Betekenis van:
aankunnen
aankunnen
Werkwoord
- iemand de baas kunnen zijn
"Hij had zijn oudere broertje nooit aangekund, maar was nu duidelijk de sterkere."
aankunnen
Werkwoord
- een kledingstuk met fatsoen kunnen dragen
"Vorig jaar had ze deze dure jurk nog aangekund, maar nu was die volledig uit de mode."
Voorbeeldzinnen
- Hij zal het werk niet aankunnen.
- De schepen moeten ijs aankunnen met een dikte van één meter, en dit stelt bepaalde specifieke eisen aan de structuur.
- Het zou er dus in wezen op neerkomen dat de decoder niet-geëncrypteerde functies moet aankunnen (dus niet alleen interactief, maar ook interoperabel moet zijn).
- Hiervoor is actie op vele terreinen nodig: aanpak van de lage uitgaven aan onderzoek en technologische ontwikkeling (OTO), met name in de particuliere sector; bevordering van innovatie door middel van nieuwe of verbeterde producten, processen en diensten, die de internationale concurrentie aankunnen; vergroting van de regionale en lokale capaciteit om nieuwe technologieën (met name ICT) te genereren en op te nemen, en meer durfkapitaal.

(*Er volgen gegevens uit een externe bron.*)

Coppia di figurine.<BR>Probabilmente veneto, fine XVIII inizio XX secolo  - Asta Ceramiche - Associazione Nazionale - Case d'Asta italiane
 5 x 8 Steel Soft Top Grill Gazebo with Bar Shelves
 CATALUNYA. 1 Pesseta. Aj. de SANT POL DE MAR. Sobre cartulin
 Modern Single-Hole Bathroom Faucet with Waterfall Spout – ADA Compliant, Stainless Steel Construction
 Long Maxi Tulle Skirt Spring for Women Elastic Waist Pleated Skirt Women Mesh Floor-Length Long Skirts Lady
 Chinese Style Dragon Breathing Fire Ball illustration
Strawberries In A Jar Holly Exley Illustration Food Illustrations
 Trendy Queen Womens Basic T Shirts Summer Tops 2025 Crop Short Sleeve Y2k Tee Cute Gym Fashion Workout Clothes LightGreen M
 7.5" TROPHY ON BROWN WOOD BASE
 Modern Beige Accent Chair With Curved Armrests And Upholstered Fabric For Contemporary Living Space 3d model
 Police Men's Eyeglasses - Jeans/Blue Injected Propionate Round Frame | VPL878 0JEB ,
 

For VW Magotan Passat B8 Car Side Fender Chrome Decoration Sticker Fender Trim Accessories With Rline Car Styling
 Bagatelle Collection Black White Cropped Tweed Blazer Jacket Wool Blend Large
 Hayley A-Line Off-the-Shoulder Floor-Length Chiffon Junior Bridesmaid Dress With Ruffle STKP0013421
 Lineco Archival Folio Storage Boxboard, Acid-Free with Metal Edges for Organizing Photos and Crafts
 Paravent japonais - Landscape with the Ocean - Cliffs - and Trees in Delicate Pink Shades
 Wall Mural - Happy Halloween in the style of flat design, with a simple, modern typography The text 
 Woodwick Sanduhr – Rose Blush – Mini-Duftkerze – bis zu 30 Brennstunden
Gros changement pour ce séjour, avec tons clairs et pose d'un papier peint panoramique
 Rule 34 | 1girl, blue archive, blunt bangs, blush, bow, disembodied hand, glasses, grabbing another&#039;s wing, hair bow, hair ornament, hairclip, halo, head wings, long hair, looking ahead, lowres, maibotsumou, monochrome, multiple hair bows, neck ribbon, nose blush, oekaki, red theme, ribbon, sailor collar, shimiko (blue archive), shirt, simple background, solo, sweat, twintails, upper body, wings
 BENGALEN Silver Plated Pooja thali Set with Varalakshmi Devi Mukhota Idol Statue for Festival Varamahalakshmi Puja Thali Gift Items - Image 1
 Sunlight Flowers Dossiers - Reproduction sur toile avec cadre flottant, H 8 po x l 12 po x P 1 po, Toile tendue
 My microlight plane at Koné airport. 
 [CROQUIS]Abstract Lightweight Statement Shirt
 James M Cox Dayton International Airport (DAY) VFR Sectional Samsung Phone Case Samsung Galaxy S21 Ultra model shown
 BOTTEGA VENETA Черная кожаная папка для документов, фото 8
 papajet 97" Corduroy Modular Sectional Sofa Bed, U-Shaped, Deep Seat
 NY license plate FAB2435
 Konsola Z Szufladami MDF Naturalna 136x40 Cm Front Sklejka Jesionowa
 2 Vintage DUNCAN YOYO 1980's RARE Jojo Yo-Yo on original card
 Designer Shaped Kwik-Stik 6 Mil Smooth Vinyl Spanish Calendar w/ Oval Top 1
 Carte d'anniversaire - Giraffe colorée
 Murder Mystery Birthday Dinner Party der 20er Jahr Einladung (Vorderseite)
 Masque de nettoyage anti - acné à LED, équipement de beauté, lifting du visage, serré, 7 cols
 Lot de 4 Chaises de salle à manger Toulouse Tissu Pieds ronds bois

- In ieder geval is de Commissie van oordeel dat, gezien de enorme omvang van de markt voor terrestrische televisie in Italië, het risico dat geen kritische massa consumenten wordt gehaald — voldoende om de investering in digitale terrestrische televisie te rechtvaardigen — niet van dien aard dat de commerciële spelers dat niet aankunnen.